Half hour ago it was sunny and 60 at Cannon as I drove by.  Right now it is pouring with thunder and lightning. Can see and hear it from Lincoln, but we are just outside the storm band. Really wild!  I'm out walking my dog but thunder and wind are barreling down from the Notch.


----------



## Cannonball (Apr 18, 2015)

.... So much for that!  Didn't get back to the car in time. Got caught in it in Lincoln. Sideways rain


----------



## dlague (Apr 20, 2015)

Cannonball said:


> .... So much for that!  Didn't get back to the car in time. Got caught in it in Lincoln.

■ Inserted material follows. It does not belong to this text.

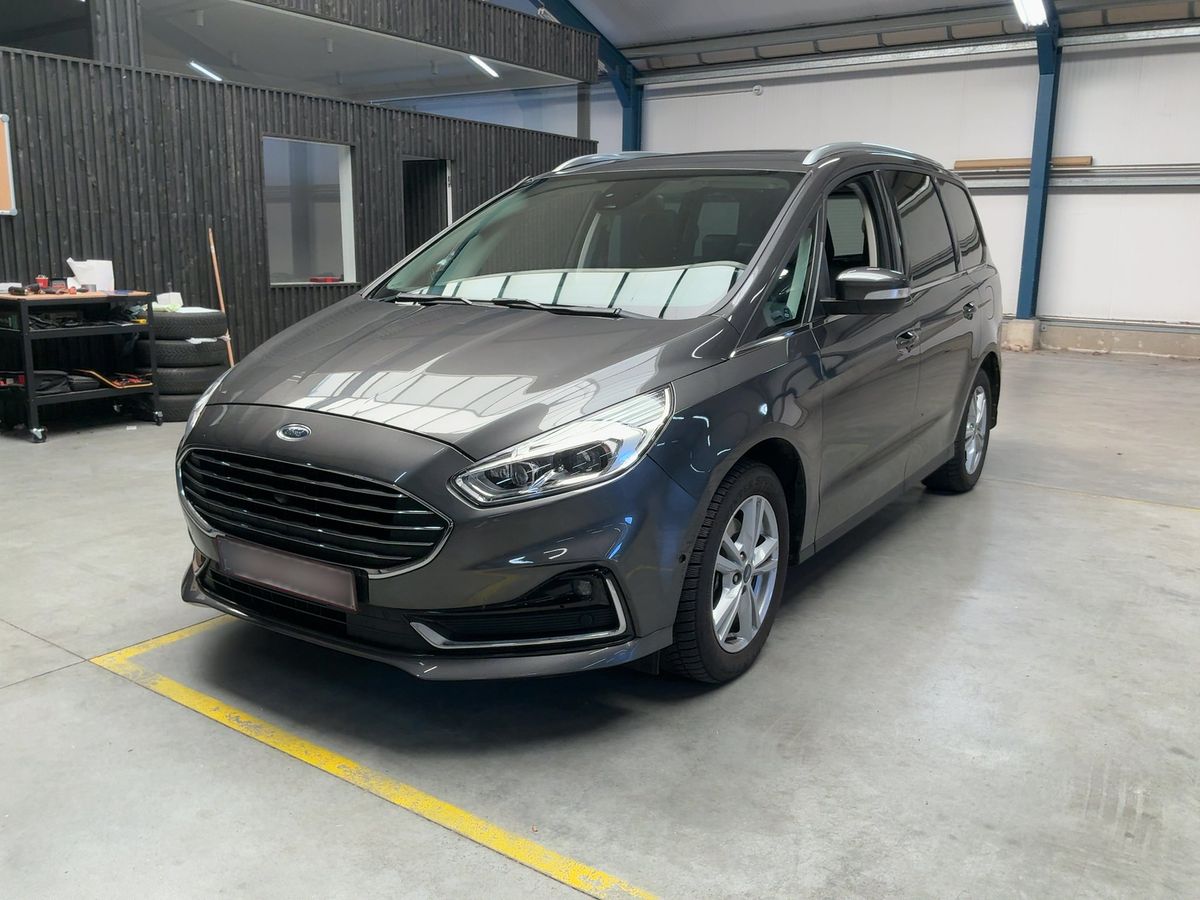 Ford Galaxy 2021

Sideways rain



We almost did not ski on Saturday since we would not have made it there until 11 and the weather report predicted thunderstorms around 1.  However, as my wife generally says, we have a seasons pass so even if we ski for two hours - who cares.  So we headed up to Cannon and skied from 11 to 2:45.  It was awesome.  Stopped at the Ski Museum around 3 and came out to lightning and thunder and crazy winds.  Timing is everything.  Glad we went both Saturday and Sunday.  It was nice seeing several from AlpineZone on Sunday!


----------



## Puck it (Apr 20, 2015)

Driving up on Sunday.  Right before Tripoli Rd exit.  There was a large number of trees down and laying in one direction.  Looks like it might have been a microburst.


----------